Cacas y frases

Quizá lo he dicho en otra ocasión (estoy perdiendo memoria), pero correré el riesgo de repetirme: Lo que más me asombraba de mi perro, recientemente fallecido, era la concentración con la que olía las cacas y los pises de los otros animales. Parecía un estudiante de bachillerato llevando a cabo el análisis sintáctico de una oración gramatical. Observándolo, intentaba imaginarme yo al primer gramático de la historia en el trance de preguntarse qué rayos era aquello que nos salía de la boca y que con el tiempo llamaríamos palabras. De una deposición bien analizada, mi perro obtenía informaciones sorprendentes acerca de la edad, el sexo o la altura de un congénere. Quiere decirse que los excrementos, para quien sabe leerlos, poseen su morfología, su sintaxis y su semántica. Son un lenguaje, en fin. Los niños, hasta que logramos arrastrarlos al lado de acá, se expresan con sus cacas mejor que con sus palabras.

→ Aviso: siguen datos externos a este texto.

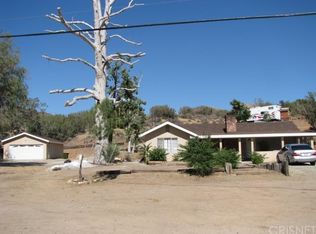 31314 Quick Silver Ln, Acton, CA 93510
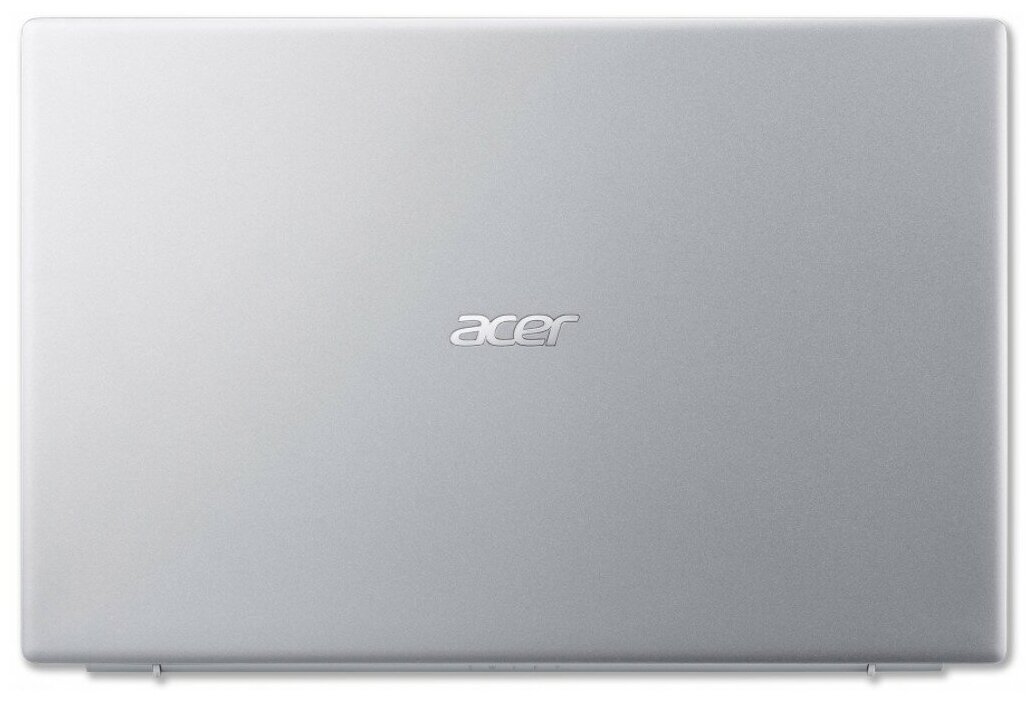 Ноутбук Acer Swift 3 SF314-511-38EL 14 FHD IPSCore i3-1115G48GB256GB SSDIntel UHD GraphicsWin 10 Home 64-bitNoODDсеребристый NX ABLER001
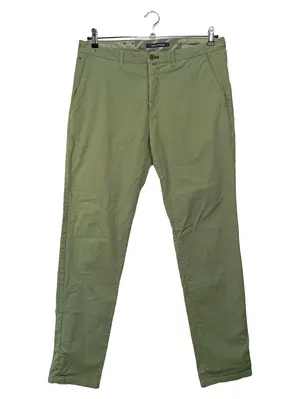 MARC O'POLO Stoffhose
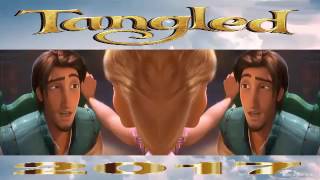 Rapunzel Tangled întregul film pe Romani [upl. by Savill]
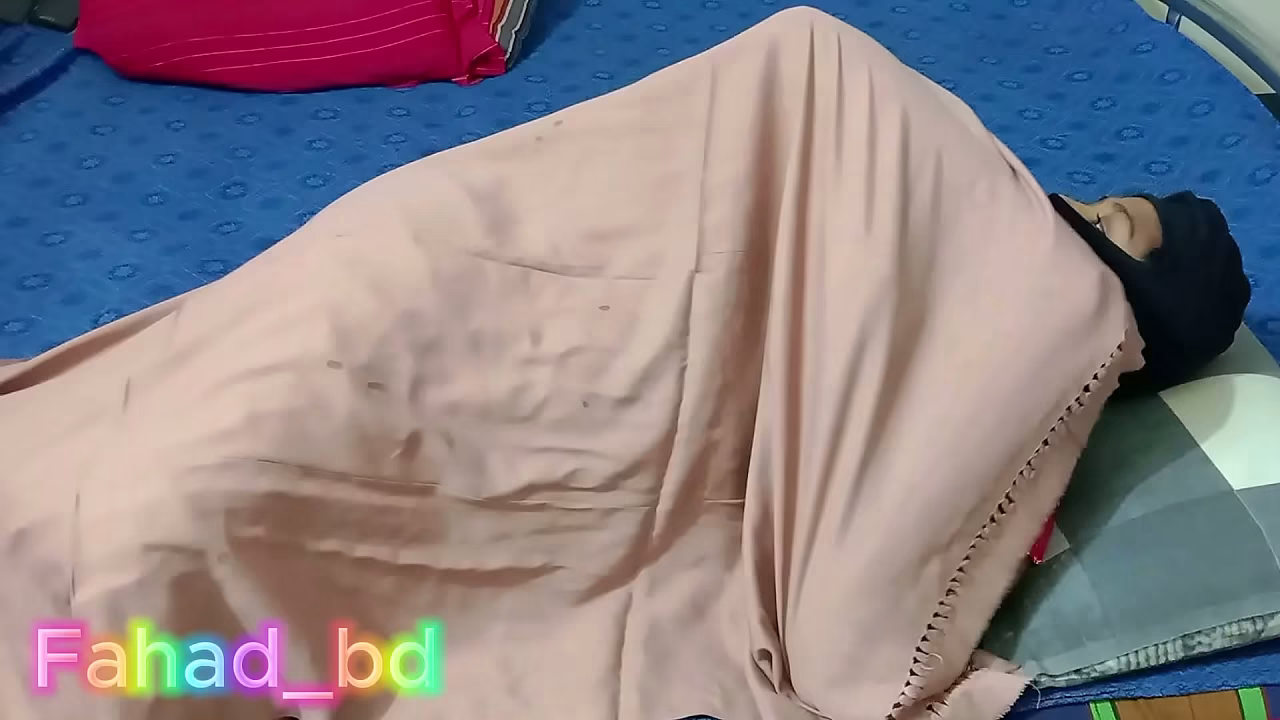 Desi Brother Fucking Step Sister Part- 1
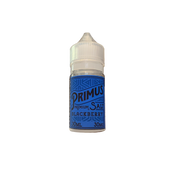 Primus Vape Co E-Liquid 30 ML Blackberry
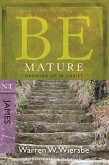 Be Mature Be Mature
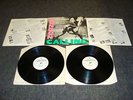 THE CLASH “LONDON CALLING” 1979 CBS UK 1st Pr 2-LP 'TRAIN IN VAIN' ETCHING NM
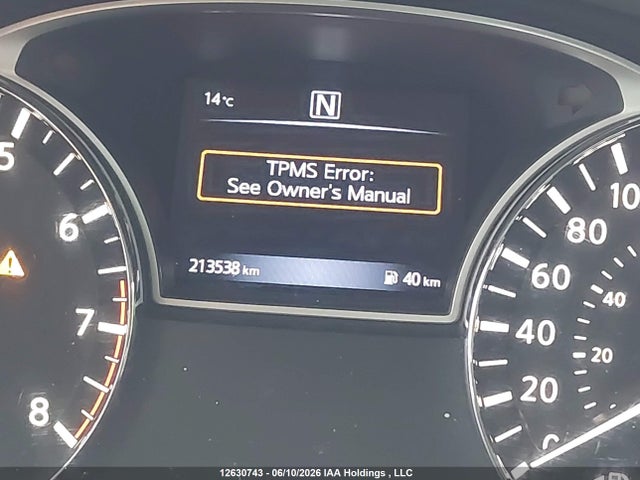 1N4AL3AP6HN342842 Nissan Altima 2.5/2.5 S/2.5 Sl/2.5 Sr/2.5 Sv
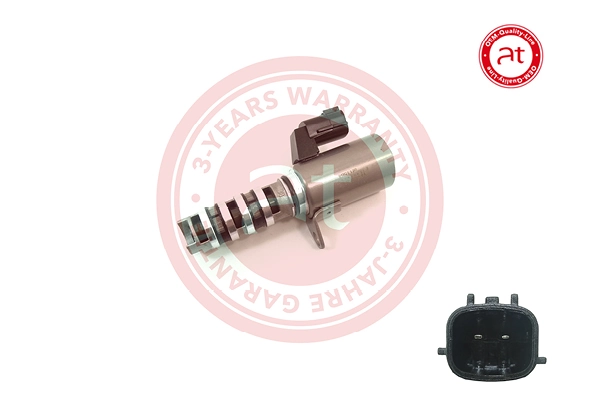 Control Valve, camshaft adjustment at11564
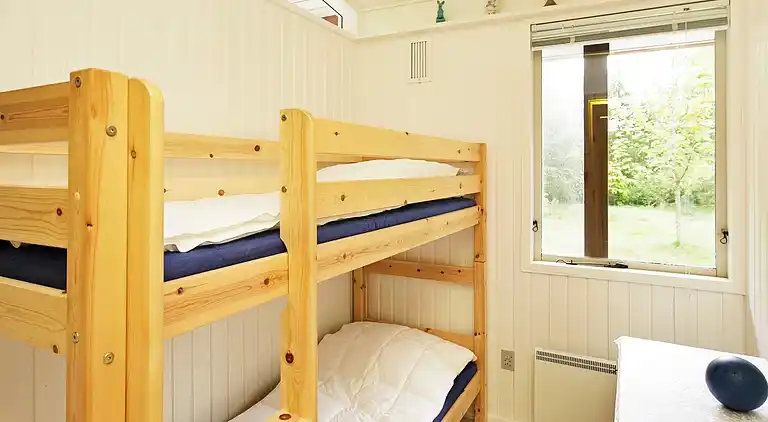 Holiday home in Højslev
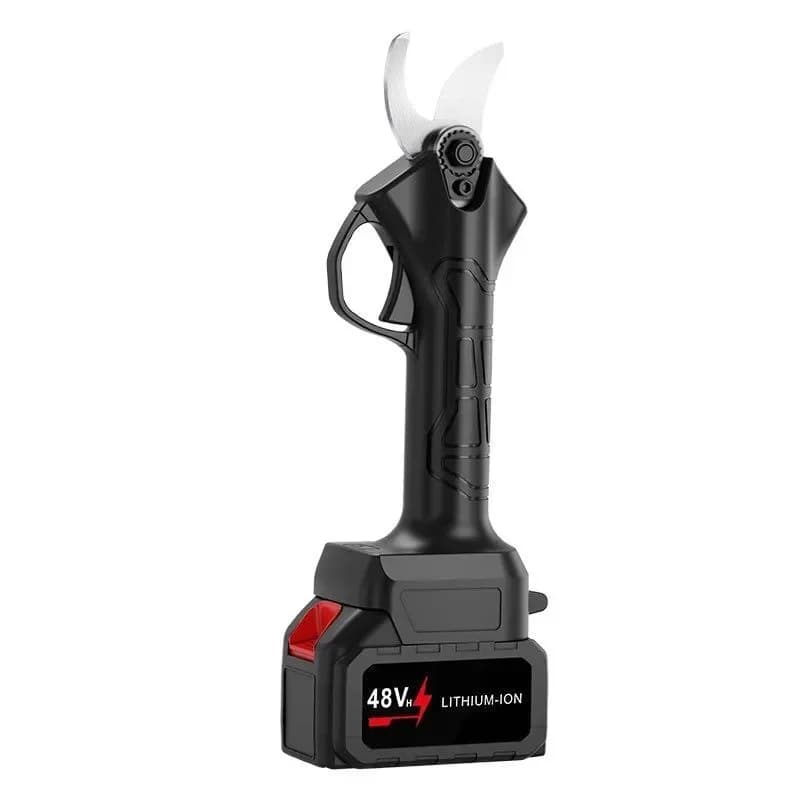 New wireless portable electric pruning, branch pruning durable outdoor gardening electric shears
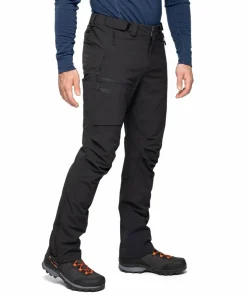 Sale Men's Breheimen Softshell Pants Herrbyxor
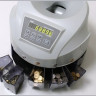 Счетчик монет PRO CS 80R артикул 0021-1266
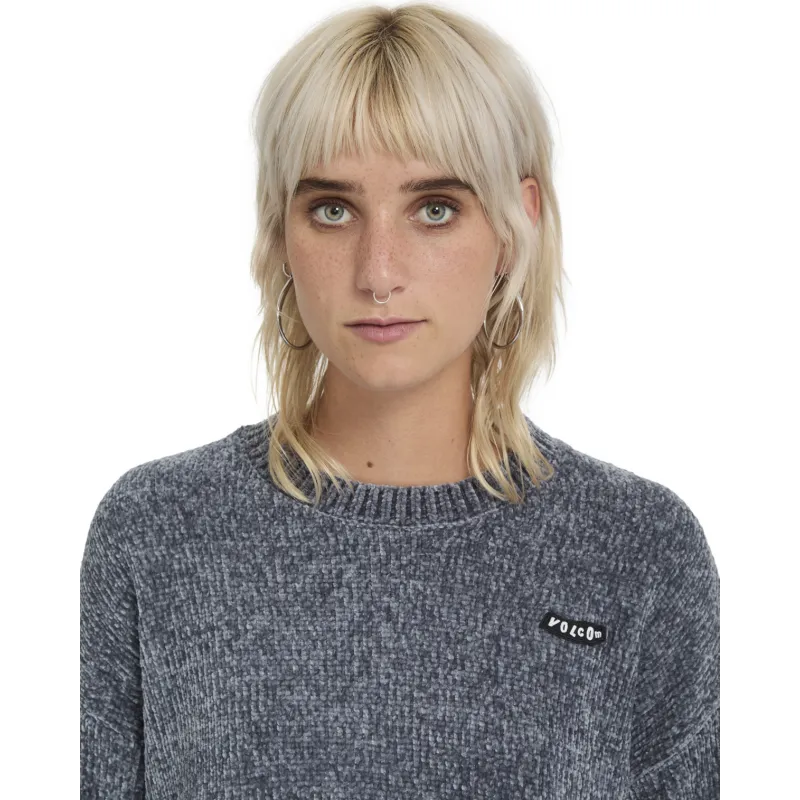 Volcom Bubble Tease Women Sweater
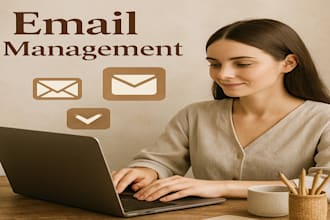sort, clean, and organize your email inbox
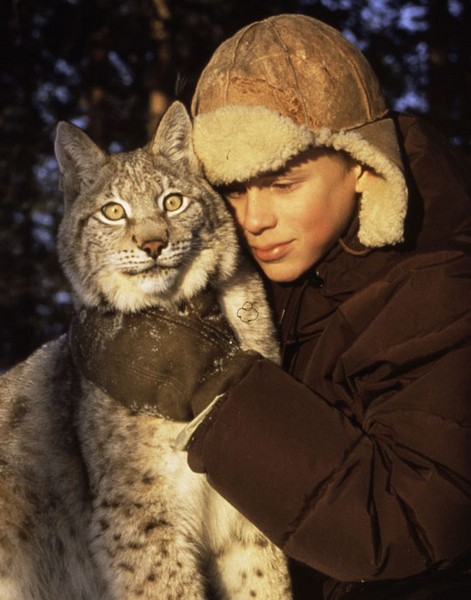 Tommy ile Vaşak fotoğrafı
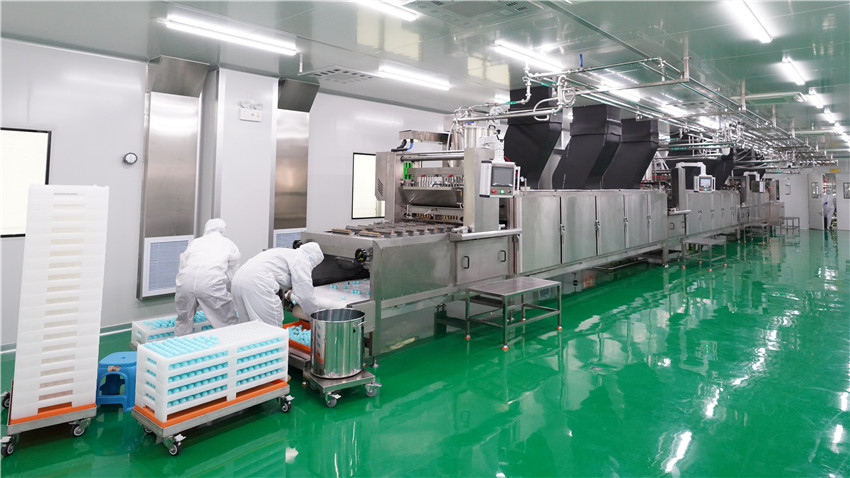 Xiamen Fenglongyuan Trading Co.,Ltd Gummy Candy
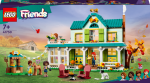 LEGO® Friends 41730 Dům Autumn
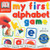 DK Games: My First Alphabet Game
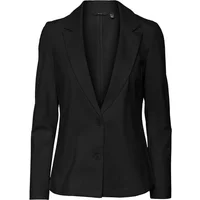 Women's fitted blazer Vero Moda Eva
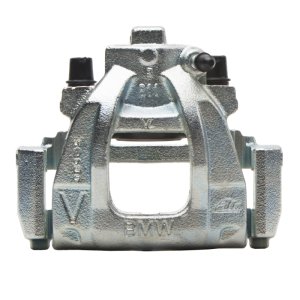 Mini Cooper Brake Caliper - Front-L - DFC - Premium - Silver Zinc Coated - `02-`08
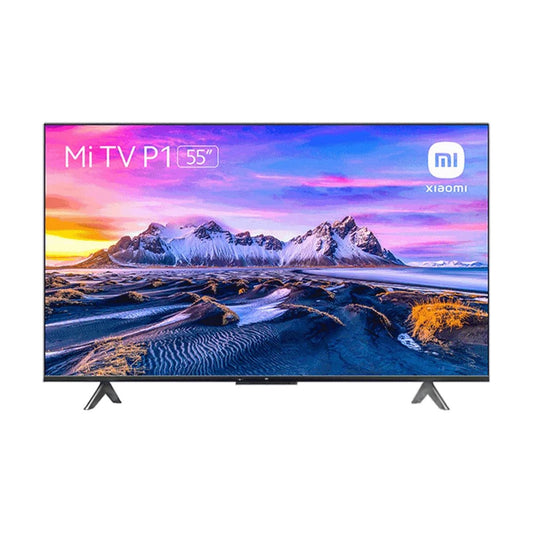Xiaomi Smart Tv Qled 4K Uhd 55" A Pro 2025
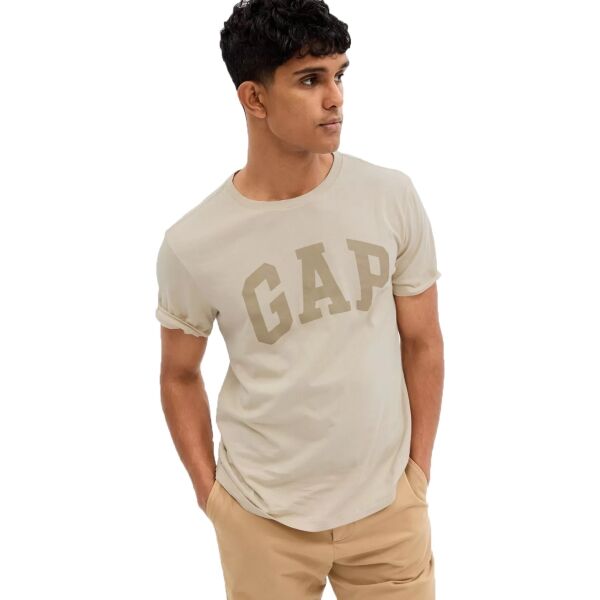 GAP LOGO Pánské tričko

Pasar del análisis de la caca al de las palabras implica un recorrido cultural de proporciones gigantescas que se realiza, sin embargo, a través de un túnel relativamente corto en uno de cuyos extremos se encuentra el culo y en el otro la boca. Resulta un misterio que orificios tan próximos alumbren productos de naturaleza tan desigual. Por eso mismo las incidencias del habla -y no digamos de la escritura- provocan tanto regocijo. Véase, si no, el éxito de libros como El dardo en la palabra, de Lázaro Carreter, o la Nueva gramática de la RAE, pero también de Groucho Marx, la base de cuyo humor eran los juegos de palabras. Y es que cada individuo, lo sepa o no, lleva dentro de sí una gramática a cuyas normas se atiene con una fidelidad increíble cada vez que despega los labios. De ahí (¡atención, maestros!) que la gramática de fuera sólo se entienda cuando es capaz de descubrir la que llevamos dentro.